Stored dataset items
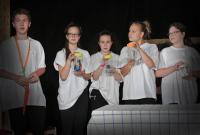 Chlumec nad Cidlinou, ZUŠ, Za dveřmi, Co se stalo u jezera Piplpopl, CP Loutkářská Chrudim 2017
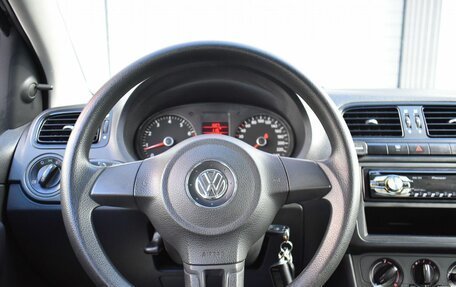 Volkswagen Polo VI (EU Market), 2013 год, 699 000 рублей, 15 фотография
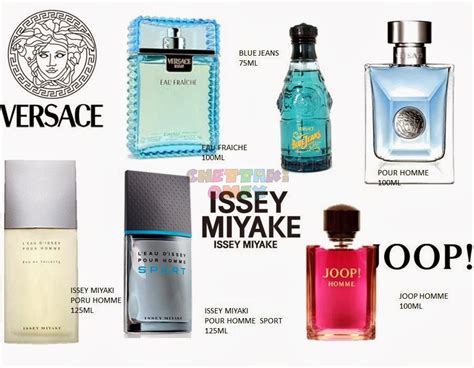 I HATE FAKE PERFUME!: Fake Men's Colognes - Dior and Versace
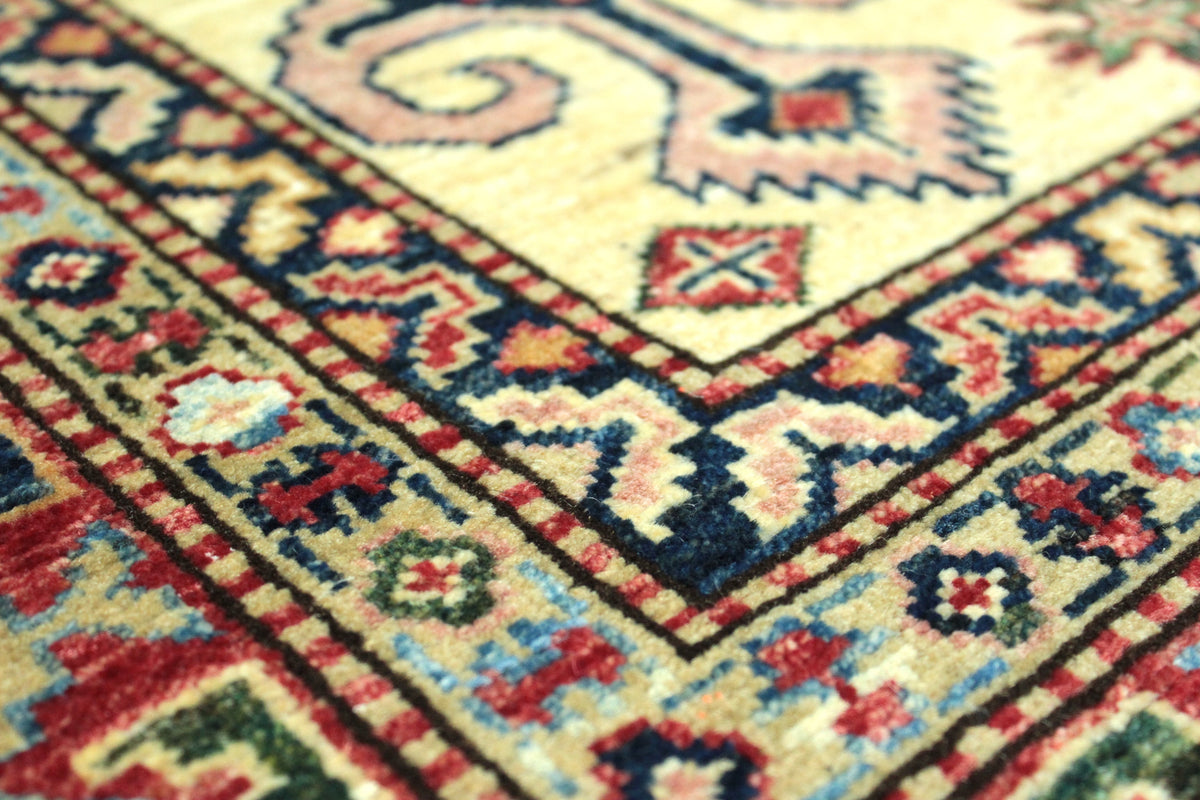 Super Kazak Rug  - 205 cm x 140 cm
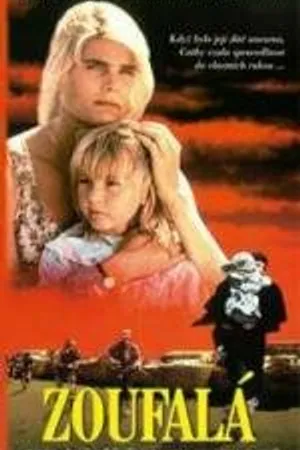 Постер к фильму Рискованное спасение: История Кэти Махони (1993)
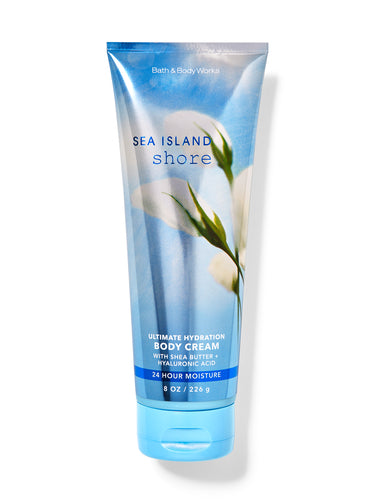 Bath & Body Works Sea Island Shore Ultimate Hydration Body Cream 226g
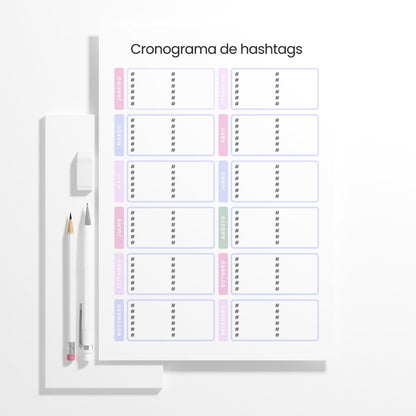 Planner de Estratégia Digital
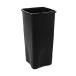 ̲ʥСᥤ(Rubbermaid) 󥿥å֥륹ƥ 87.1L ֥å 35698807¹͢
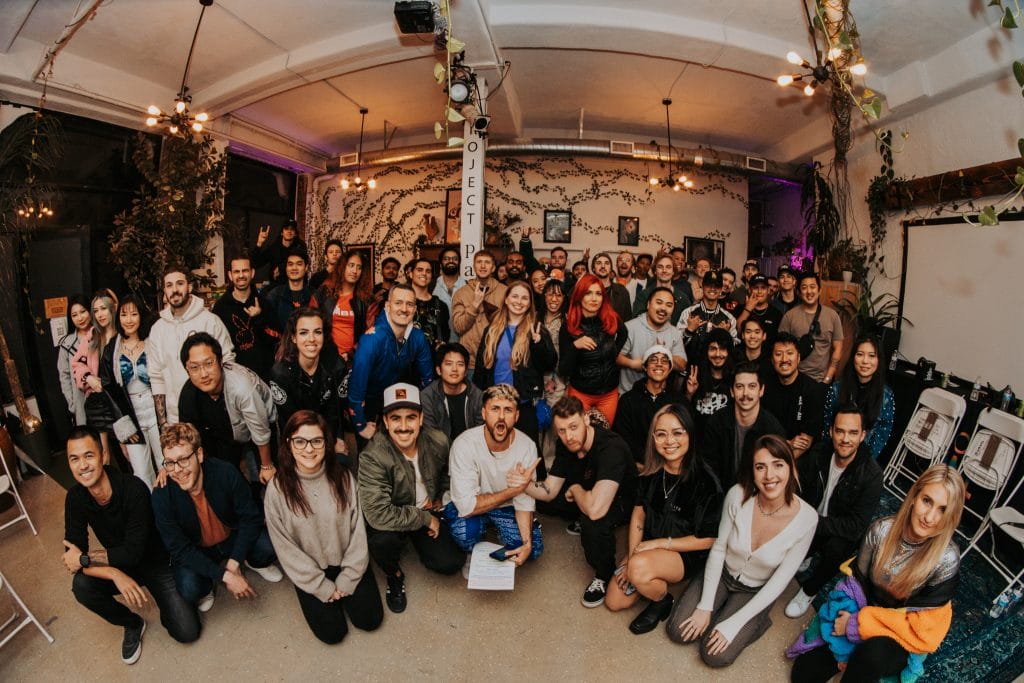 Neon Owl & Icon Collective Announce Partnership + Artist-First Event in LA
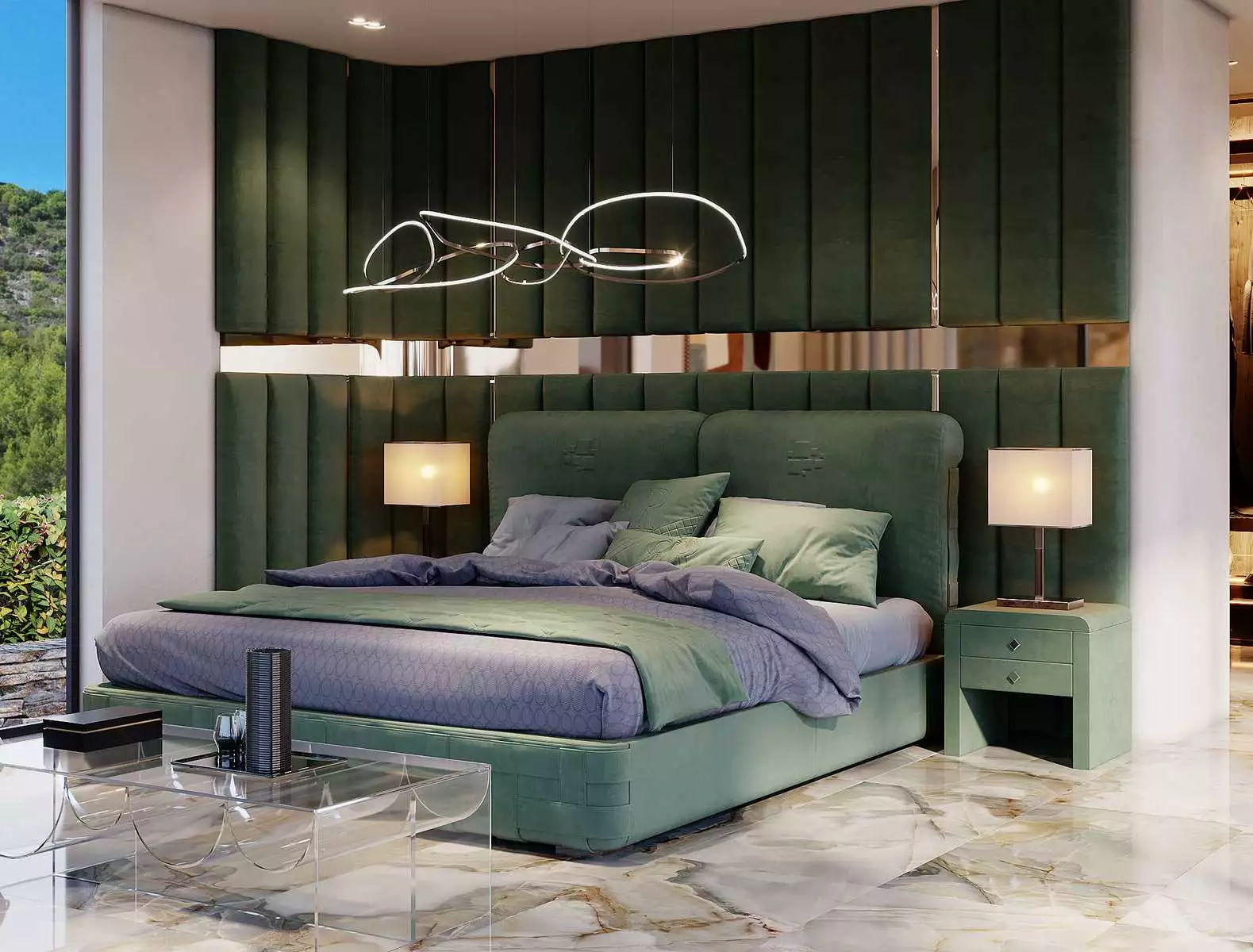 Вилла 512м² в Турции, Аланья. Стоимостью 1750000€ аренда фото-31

...

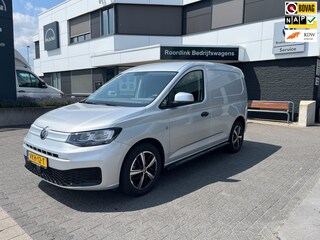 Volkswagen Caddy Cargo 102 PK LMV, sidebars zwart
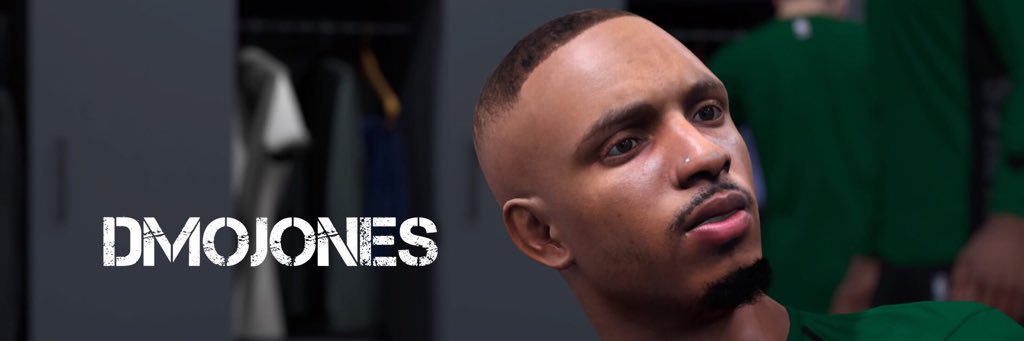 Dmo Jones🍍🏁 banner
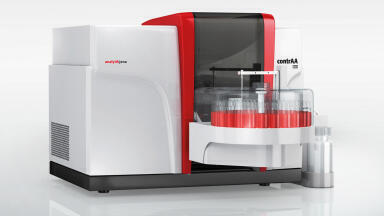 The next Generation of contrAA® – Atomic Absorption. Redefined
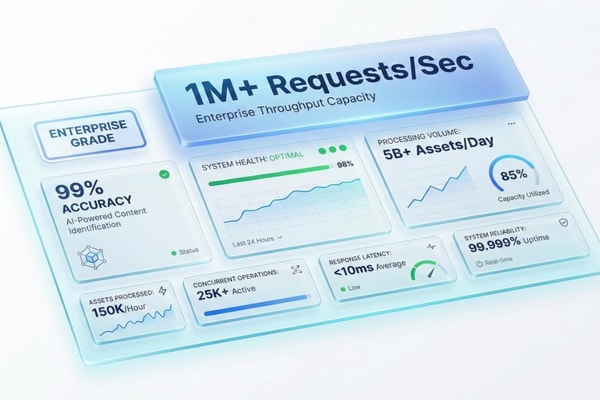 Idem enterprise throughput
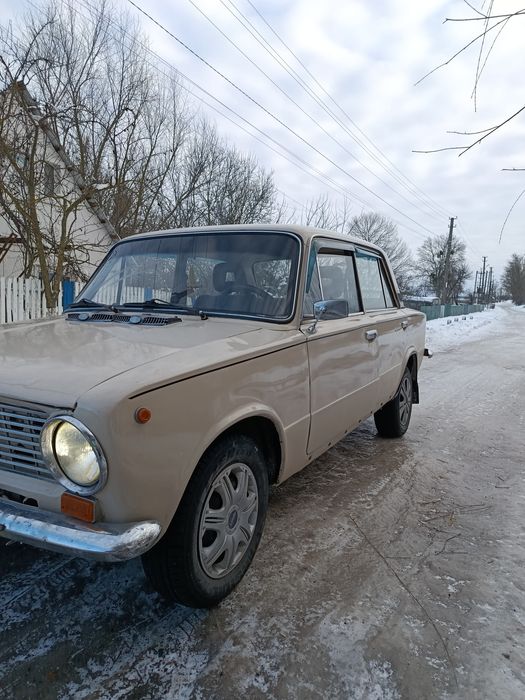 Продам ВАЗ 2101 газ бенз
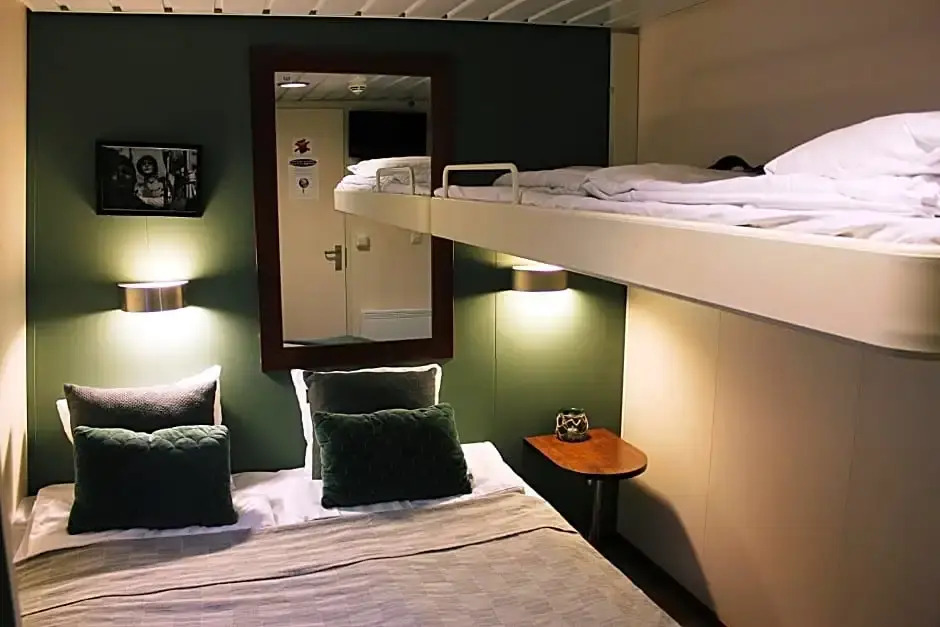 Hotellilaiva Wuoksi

■ EXERCISE DETAILS
In the entries above, which lines run from the one with "The next Generation" up to and including the one with "Hotellilaiva Wuoksi"? Write them out exactly, without the pictures.

■ SOLUTION FOR THIS PROBLEM
 The next Generation of contrAA® – Atomic Absorption. Redefined
 Idem enterprise throughput
 Продам ВАЗ 2101 газ бенз
 Hotellilaiva Wuoksi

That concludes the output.